When you don’t earn it, you don’t care about it. If I bought you each a brand-new fully loaded Mini Cooper when you turned sixteen, that car would be covered with fast-food wrappers on the inside and bird shit on the outside within a month. Meanwhile, the kid who busted his ass working two afterschool jobs slinging the fries that you then drop in your gratis car will be treating his like a Fabergé infant. He’ll attend to that thing in every spare moment he has, and spend every extra dollar he has on maintaining it. This isn’t a dig on you, Natalia or Sonny, this is human nature.
Let me bookend the chapter with a tale about why car ownership is so important to your old man.
Sonny, in 2011, you and I had a nice father-son trip to Orchard Supply Hardware, followed by a little wrenching. We walked around the store for an hour and a half, and Papa loaded up on paint, nuts, bolts and other odds and ends. You were very patient. Then we went back to the shop and wrenched. I gave you a Phillips head screwdriver and you pulled a panel off the door of one of my lightweight Datsun roadsters, all by yourself. It was great.

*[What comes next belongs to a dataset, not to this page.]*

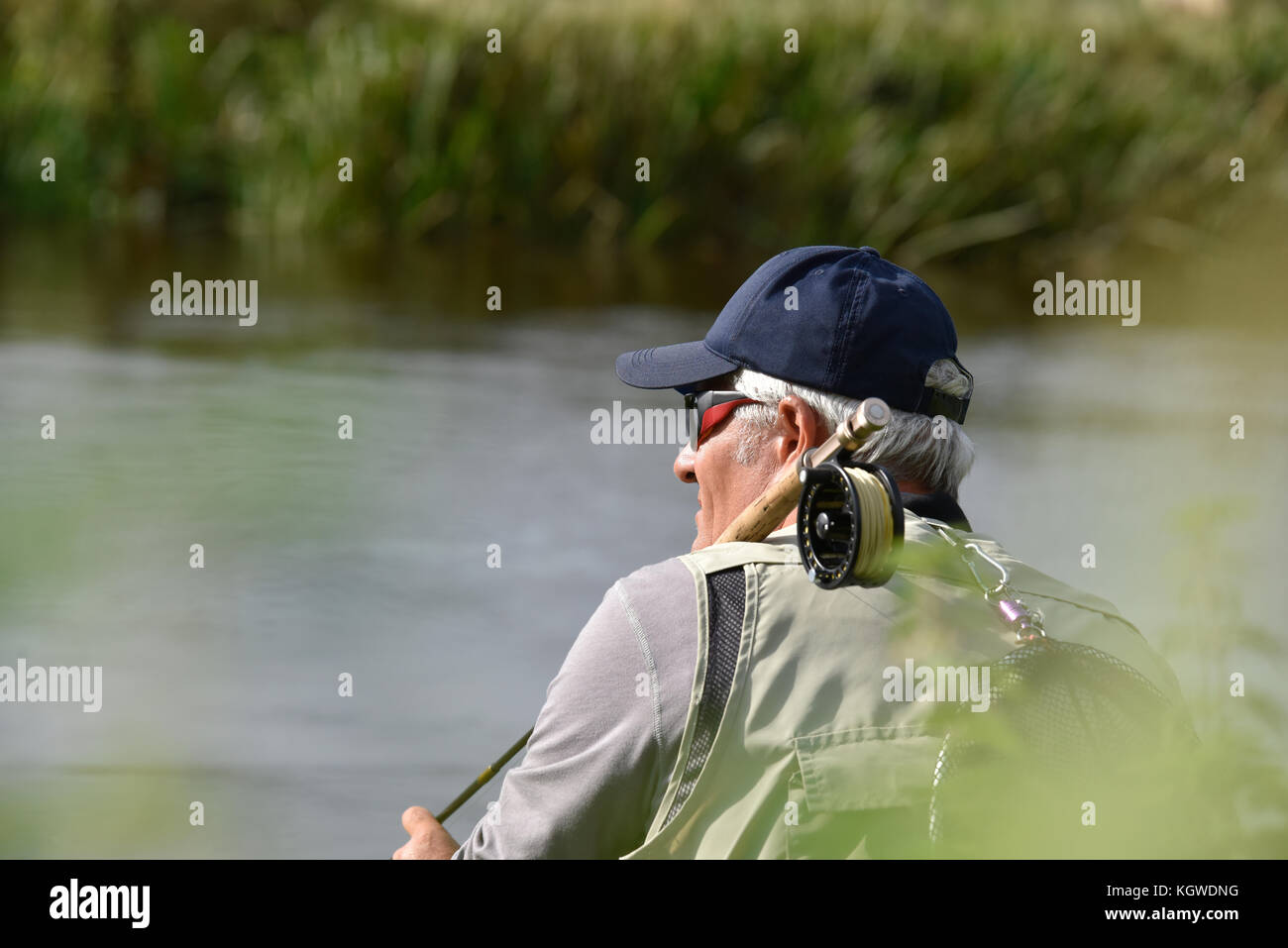 Pêcheur à la mouche en attente avec canne à pêche sur l'épaule Banque D'Images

This was also incredibly symbolic. I hope what I am about to say shames not just my family, but all families. As a culture, we understand that when a young boy wants to play a musical instrument, we get them some drums. Or when a young girl wants to design clothes, we buy them some fabric, needles and thread and let them go to town. I’m sure a young Vera Wang was making little dresses for her Barbies. Well, early and often, I had an inclination for wrenching, but this went ignored. My parents were too busy being depressed faux intellectuals to attempt caring about something as blue collar as cars. Let me ask you this: If a kid showed a penchant for playing the violin and you didn’t encourage that, you’d be considered a monster, right? Well, what about the kid who wants to tinker with cars? It’s the same thing. We’ve just decided as a society that tools are for meatheads and cellos are for smart people. Some of the brightest guys I know are car guys — it takes a mind to understand mechanics. In our society, you could be the big brain from the DC think tank who comes up with the solution to getting us off foreign oil, but not know how to change your own oil. So who’s smarter?